:: DATA PROVIDED

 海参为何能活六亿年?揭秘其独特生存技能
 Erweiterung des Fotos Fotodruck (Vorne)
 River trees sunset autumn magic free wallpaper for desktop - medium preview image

::::
:: DATA PROVIDED

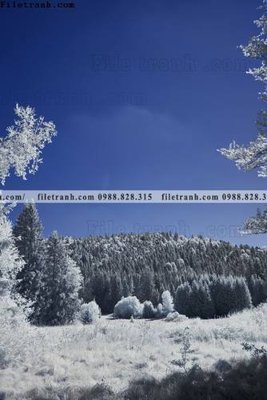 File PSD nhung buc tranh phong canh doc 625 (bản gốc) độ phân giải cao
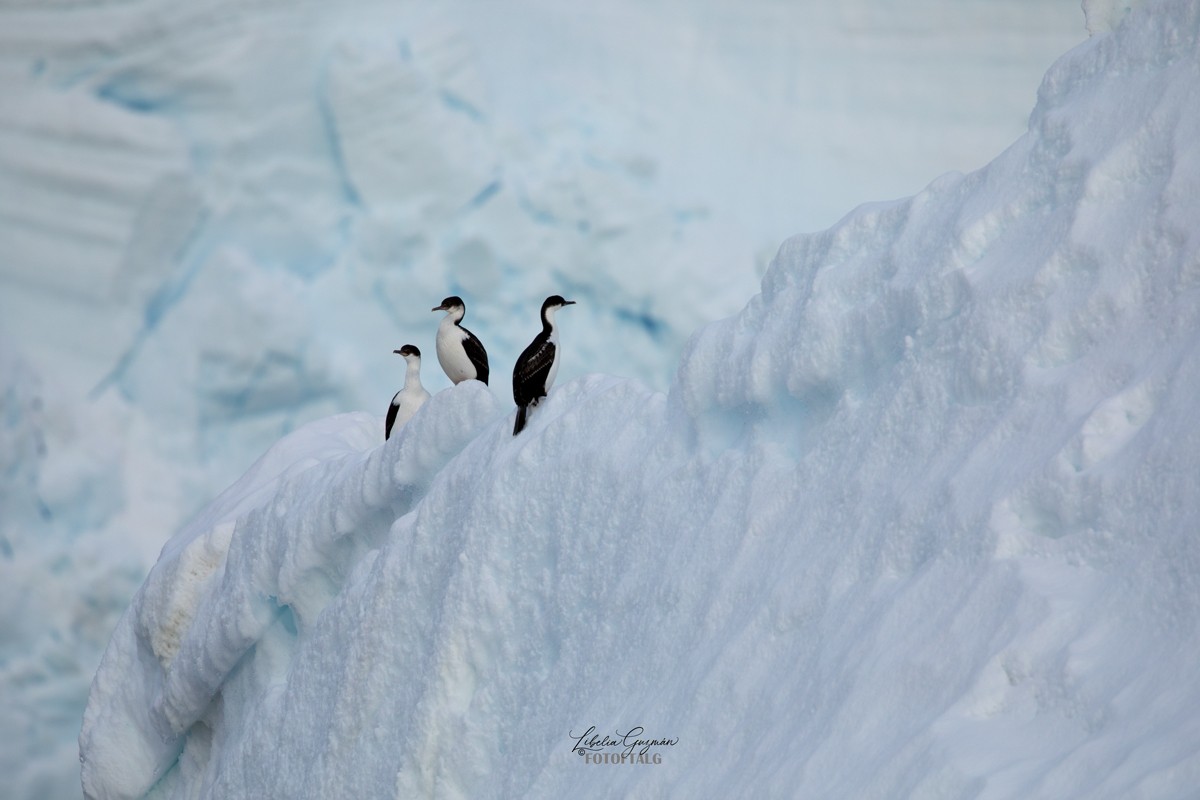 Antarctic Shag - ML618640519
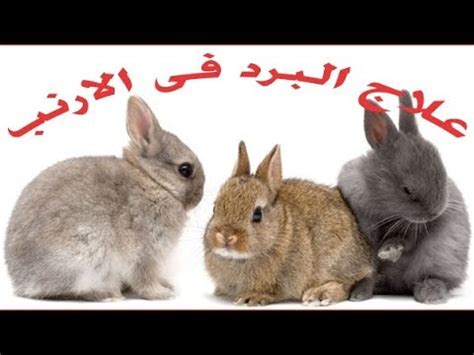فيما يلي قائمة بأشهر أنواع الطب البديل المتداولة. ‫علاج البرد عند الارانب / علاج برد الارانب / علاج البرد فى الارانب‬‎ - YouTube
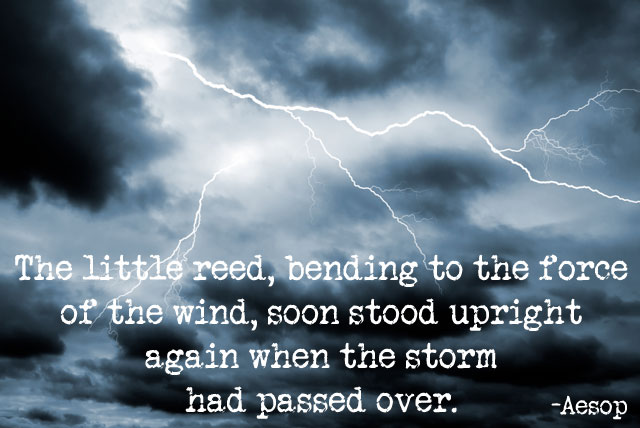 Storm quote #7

::::
:: DATA PROVIDED

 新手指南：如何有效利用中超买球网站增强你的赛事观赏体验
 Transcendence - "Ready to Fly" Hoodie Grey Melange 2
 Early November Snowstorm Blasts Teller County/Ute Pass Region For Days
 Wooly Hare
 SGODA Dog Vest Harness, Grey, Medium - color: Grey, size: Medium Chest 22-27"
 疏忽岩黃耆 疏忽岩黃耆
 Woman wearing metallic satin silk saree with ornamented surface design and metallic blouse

::::

**WHAT THE EXERCISE ASKS**:
Track down all lines above with the string "Grey" and copy them.

**ANSWER FOR THIS EXERCISE**:
 Transcendence - "Ready to Fly" Hoodie Grey Melange 2
 SGODA Dog Vest Harness, Grey, Medium - color: Grey, size: Medium Chest 22-27"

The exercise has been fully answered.